<h3>Training & Saving Treatment  Prediction Model using Logestic Regression</h3>

In [1]:
import pandas as pd
from sklearn.feature_extraction.text import TfidfVectorizer
from sklearn.linear_model import LogisticRegression
from sklearn.metrics import accuracy_score
from sklearn.multioutput import MultiOutputClassifier
import joblib

# 1. Load CSV data
df = pd.read_csv('treatment.csv')

# 3. Combine precaution columns into a single text column with $ separation
df['Precautions'] = df[['Precaution_1', 'Precaution_2', 'Precaution_3', 'Precaution_4']].apply(lambda row: '$'.join(row), axis=1)

# 4. Split the precautions column into separate columns
precautions_split = df['Precautions'].str.split('$', expand=True)

# Assign new column names for each precaution
precautions_split.columns = ['Precaution_1', 'Precaution_2', 'Precaution_3', 'Precaution_4']

# 5. Define Features (X) and Labels (y)
X = df['Disease']  # Disease names
y = precautions_split  # Separate precaution columns as labels

# 6. Vectorize the disease names using an enhanced TF-IDF vectorizer
vectorizer = TfidfVectorizer(
    max_features=10000,        # Increased vocabulary size
    ngram_range=(1, 3),        # Include unigrams, bigrams, and trigrams
    stop_words='english',      # Remove common stopwords
    sublinear_tf=True          # Sublinear term frequency scaling
)

X_tfidf = vectorizer.fit_transform(X)

# 7. Logistic Regression Model for Treatment Prediction
# Use MultiOutputClassifier for multi-label prediction
model = LogisticRegression(max_iter=1000)
multi_model = MultiOutputClassifier(model, n_jobs=-1)

# Train the model
multi_model.fit(X_tfidf, y)

# 8. Save the model and vectorizer for future use
joblib.dump(multi_model, 'treatment_prediction_model.joblib')
joblib.dump(vectorizer, 'vectorizer.joblib')

print("Model and vectorizer saved successfully!")

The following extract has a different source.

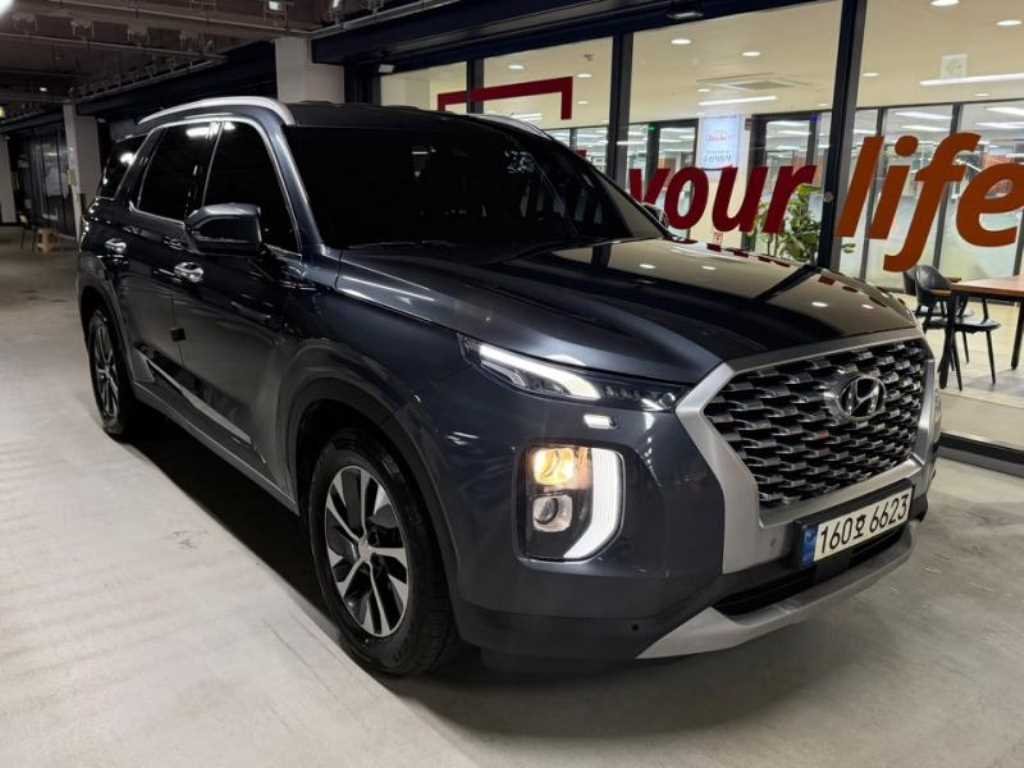HYUNDAI Palisade 2021 Gris - Importación desde Corea - HF Imports Iquique - Foto 1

Model and vectorizer saved successfully!


<h3>TestingThe Model</h3>

In [25]:
import joblib
dis="Gastroenteritis"
# Load the saved model and vectorizer
loaded_model = joblib.load('treatment_prediction_model.joblib')
loaded_vectorizer = joblib.load('vectorizer.joblib')

# Get the disease input as a string
sample_disease = dis # Replace with any disease to test

# Transform the input disease using the loaded vectorizer
sample_disease_tfidf = loaded_vectorizer.transform([sample_disease])

# Predict the treatment using the loaded model
predicted_precaution = loaded_model.predict(sample_disease_tfidf)

# Handle multi-output predictions for a single input (list of lists)
predicted_precautions = predicted_precaution[0]

# Output the result with each precaution on a new line
print(f"Predicted treatment for '{sample_disease}':")
i = 1
for precaution in predicted_precautions:
    print(f" {i}. {precaution.strip()}")
    i += 1


Predicted treatment for 'Gastroenteritis':
 1. Stop eating solid food for a while to give your digestive system time to rest and heal. This will allow your body to focus on recovery without the added strain of processing food.
 2. Try taking small sips of water to stay hydrated. It's important to maintain hydration, but drinking small amounts at a time will help avoid overwhelming your system
 3. Rest to allow your body the time it needs to heal. Avoid physical exertion, and make sure to get plenty of sleep to support recovery.
 4. Ease back into eating gradually. Start with light, easy-to-digest foods like broths or soups, and slowly reintroduce solid food as your body tolerates it.